(Beginning of Records shown)
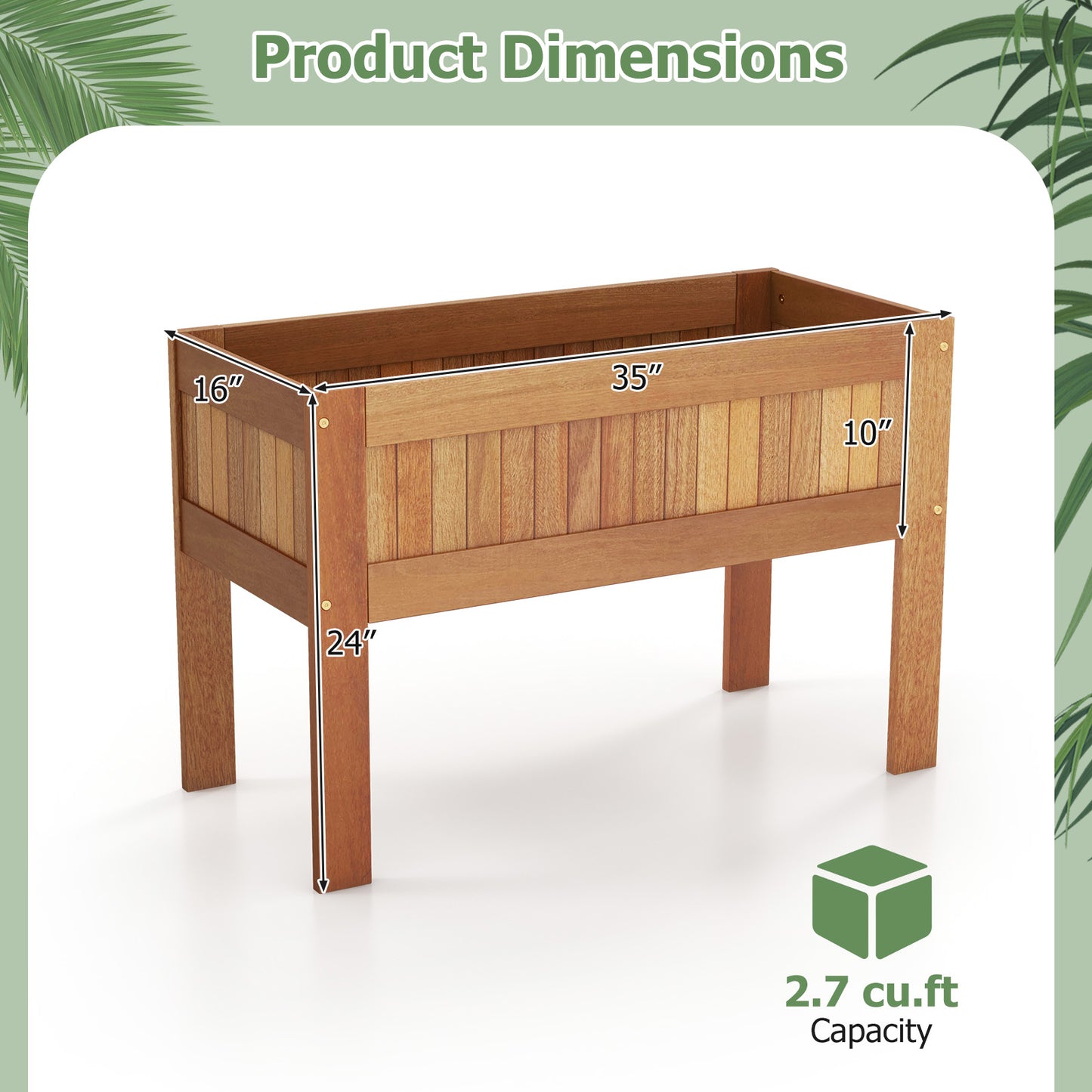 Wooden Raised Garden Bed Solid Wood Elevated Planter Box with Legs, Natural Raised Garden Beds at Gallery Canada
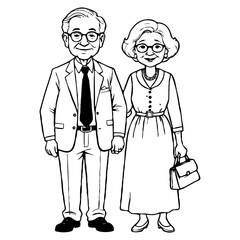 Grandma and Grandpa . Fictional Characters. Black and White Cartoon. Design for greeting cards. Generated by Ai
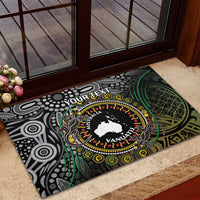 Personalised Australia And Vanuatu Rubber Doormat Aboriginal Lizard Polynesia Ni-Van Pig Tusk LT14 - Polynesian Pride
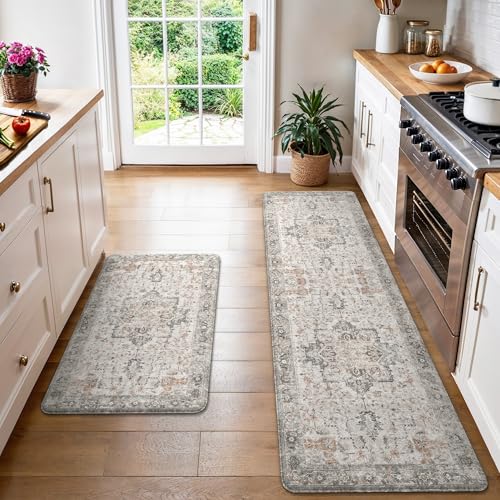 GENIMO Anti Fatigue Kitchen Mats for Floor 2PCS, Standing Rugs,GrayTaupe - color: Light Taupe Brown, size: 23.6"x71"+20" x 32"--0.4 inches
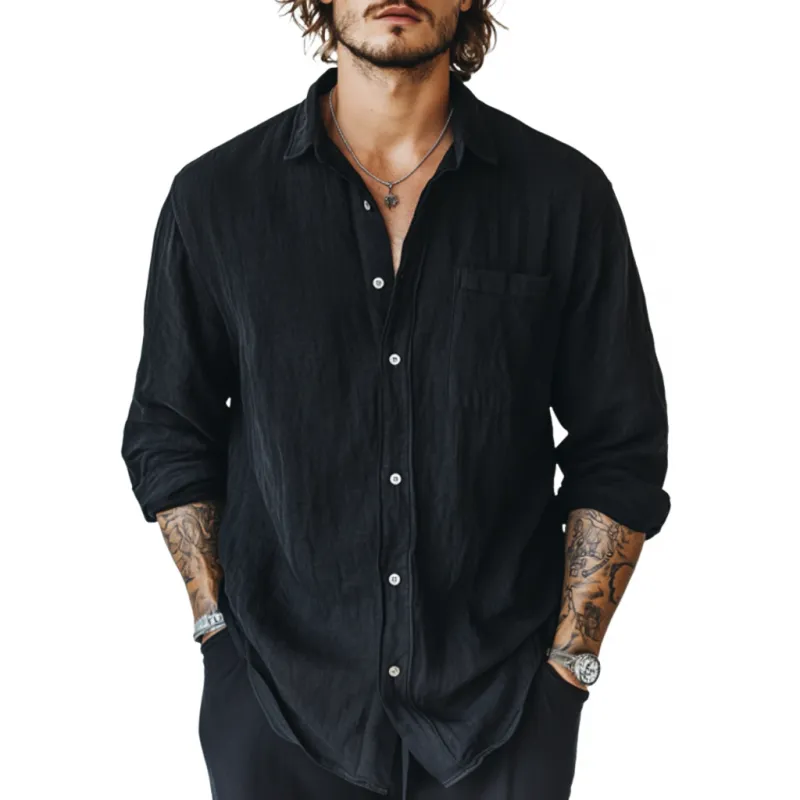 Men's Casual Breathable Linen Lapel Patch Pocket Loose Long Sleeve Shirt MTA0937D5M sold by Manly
(End of Records shown)
▶ [What is needed]: An exact transcription is needed, covering the line with "Personalised Australia And" and every line after it to the end of the entries, but not the pictures.

▶ [Result for this task]:
 Personalised Australia And Vanuatu Rubber Doormat Aboriginal Lizard Polynesia Ni-Van Pig Tusk LT14 - Polynesian Pride
 GENIMO Anti Fatigue Kitchen Mats for Floor 2PCS, Standing Rugs,GrayTaupe - color: Light Taupe Brown, size: 23.6"x71"+20" x 32"--0.4 inches
 Men's Casual Breathable Linen Lapel Patch Pocket Loose Long Sleeve Shirt MTA0937D5M sold by Manly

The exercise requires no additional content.